WHAT YOU NEED TO DO:
Go through the entries below and pick out every line with "image".

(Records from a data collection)
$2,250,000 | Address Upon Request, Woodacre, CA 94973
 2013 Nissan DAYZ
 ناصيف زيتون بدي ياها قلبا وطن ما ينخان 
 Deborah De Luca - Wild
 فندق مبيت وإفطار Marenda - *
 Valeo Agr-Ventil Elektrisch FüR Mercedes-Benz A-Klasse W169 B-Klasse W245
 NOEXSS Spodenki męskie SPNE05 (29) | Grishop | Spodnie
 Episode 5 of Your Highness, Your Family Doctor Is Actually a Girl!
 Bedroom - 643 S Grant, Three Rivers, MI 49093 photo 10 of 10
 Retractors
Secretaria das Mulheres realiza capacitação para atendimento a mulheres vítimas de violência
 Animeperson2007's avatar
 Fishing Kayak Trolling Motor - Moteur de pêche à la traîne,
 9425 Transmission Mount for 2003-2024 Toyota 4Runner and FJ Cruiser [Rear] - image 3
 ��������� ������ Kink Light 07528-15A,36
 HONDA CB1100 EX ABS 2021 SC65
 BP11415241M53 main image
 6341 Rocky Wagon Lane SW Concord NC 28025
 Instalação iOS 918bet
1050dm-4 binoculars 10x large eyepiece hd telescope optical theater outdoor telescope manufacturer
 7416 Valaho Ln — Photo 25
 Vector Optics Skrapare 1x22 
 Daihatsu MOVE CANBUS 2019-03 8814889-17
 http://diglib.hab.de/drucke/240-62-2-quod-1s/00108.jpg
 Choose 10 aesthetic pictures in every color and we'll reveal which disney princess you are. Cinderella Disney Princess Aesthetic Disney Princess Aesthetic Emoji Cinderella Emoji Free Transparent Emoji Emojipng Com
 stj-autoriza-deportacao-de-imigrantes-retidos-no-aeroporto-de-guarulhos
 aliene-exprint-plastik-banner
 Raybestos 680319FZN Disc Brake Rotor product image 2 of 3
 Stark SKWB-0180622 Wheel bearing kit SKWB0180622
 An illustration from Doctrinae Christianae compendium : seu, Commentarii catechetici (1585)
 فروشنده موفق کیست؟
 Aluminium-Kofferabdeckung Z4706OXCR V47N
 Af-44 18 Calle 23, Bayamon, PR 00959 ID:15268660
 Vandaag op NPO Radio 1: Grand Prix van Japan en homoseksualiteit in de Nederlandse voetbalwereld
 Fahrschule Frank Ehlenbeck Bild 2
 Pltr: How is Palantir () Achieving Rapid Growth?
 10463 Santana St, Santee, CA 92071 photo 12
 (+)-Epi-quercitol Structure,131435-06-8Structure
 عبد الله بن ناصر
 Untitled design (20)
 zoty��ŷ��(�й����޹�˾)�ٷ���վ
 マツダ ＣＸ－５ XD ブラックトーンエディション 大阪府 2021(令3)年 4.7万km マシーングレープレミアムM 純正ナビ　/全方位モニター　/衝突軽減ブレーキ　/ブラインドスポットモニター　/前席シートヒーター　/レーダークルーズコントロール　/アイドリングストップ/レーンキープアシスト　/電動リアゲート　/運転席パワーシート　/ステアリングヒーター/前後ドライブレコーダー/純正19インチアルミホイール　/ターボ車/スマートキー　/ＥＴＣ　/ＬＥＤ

EXERCISE RESULT:
 9425 Transmission Mount for 2003-2024 Toyota 4Runner and FJ Cruiser [Rear] - image 3
 BP11415241M53 main image
 Raybestos 680319FZN Disc Brake Rotor product image 2 of 3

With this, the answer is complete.